Los optimistas
A mediados del 2007, Julito me aseguró que antes de agosto la carne de cerdo se vendería a diez pesos la libra -el salario diario de un trabajador promedio-. Al no verse cumplido su vaticinio, lo increpé en enero del pasado año sobre la fecha exacta de la rebaja cárnica. Con su permanente sonrisa me aseguró que podría adquirir la preciada fibra -a un precio más justo- para los meses de verano. Llegaron entonces los huracanes y el pronóstico de mi vecino se volvió una profecía amarga o, peor aún, una ingenuidad dañina. No volví a tropezármelo en varias semanas y no pude echarle en cara su triunfalismo desmedido.
Ayer, Julito ha subido hasta mi piso para hablar de otro tema. Su hija menor acaba de tomar el camino ya trazado por la anterior, después de desertar en medio de una gira artística en el extranjero. Ambas se ha reunido en una de esas populosas ciudades de Estados Unidos y su padre no está tan triste por la separación, como alegre por el futuro de sus hijas. Sentado en la sala de mi casa me ha declarado que su esposa y él planean reunificarse con la parte exiliada de la familia. “Allá les seremos más útiles”, me dijo en el tono de quien ya ha tomado una decisión.
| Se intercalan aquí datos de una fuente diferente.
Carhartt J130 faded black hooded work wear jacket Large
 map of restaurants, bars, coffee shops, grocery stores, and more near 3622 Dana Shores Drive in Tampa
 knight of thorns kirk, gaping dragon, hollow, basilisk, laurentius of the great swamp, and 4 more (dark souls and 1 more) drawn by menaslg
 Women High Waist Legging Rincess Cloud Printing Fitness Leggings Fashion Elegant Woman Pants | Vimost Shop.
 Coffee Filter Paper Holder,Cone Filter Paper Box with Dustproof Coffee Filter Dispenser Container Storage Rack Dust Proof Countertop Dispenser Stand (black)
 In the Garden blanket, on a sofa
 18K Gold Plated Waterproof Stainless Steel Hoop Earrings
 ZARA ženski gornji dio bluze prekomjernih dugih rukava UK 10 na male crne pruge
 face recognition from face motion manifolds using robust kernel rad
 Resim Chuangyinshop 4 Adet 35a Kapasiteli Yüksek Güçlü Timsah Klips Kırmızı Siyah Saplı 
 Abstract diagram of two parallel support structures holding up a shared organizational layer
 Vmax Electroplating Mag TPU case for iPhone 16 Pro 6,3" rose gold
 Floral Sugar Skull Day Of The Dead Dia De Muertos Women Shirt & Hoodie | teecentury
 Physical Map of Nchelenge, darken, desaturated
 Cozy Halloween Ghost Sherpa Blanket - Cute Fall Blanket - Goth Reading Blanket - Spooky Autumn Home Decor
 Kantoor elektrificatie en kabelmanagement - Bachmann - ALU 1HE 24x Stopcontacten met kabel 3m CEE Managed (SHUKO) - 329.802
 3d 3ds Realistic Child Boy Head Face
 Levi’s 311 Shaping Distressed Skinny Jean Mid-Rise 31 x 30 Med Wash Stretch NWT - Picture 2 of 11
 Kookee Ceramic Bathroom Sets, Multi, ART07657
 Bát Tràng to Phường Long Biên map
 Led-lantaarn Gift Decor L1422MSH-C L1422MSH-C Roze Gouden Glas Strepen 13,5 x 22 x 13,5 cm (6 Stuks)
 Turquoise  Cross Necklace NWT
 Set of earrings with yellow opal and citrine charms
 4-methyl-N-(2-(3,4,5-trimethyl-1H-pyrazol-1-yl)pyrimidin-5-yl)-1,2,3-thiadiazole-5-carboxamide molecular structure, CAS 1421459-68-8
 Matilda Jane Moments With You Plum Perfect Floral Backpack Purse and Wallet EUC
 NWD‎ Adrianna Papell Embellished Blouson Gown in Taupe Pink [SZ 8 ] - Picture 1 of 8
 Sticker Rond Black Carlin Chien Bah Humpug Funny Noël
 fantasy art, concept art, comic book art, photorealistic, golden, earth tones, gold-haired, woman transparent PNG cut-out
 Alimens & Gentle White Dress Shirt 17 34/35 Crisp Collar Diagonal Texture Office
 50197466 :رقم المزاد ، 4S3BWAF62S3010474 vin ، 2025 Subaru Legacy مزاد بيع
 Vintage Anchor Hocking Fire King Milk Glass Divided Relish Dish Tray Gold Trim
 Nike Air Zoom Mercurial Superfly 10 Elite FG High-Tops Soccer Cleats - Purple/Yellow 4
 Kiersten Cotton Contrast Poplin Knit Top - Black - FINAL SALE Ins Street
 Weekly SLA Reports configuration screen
Tuve el impulso de preguntarle si no iba a esperar la rebaja de la carne, para después volar hacia el reencuentro familiar. Pero sé que los padres no solemos aceptar bromas cuando de nuestros hijos se trata, así que preferí ignorar su optimismo pasado. Le perdoné el desgaste que me provocó su predicción e incluso las apreciaciones de “pesimista” que me había lanzado ante mi recelo. Julito es de esos que aún en la escalerilla del avión seguirá tragándose sus críticas. Después, en Boston, quizás lea este blog y probablemente me escribirá algún mail para confesarme que nunca creyó en nada, que era igual de escéptico que yo.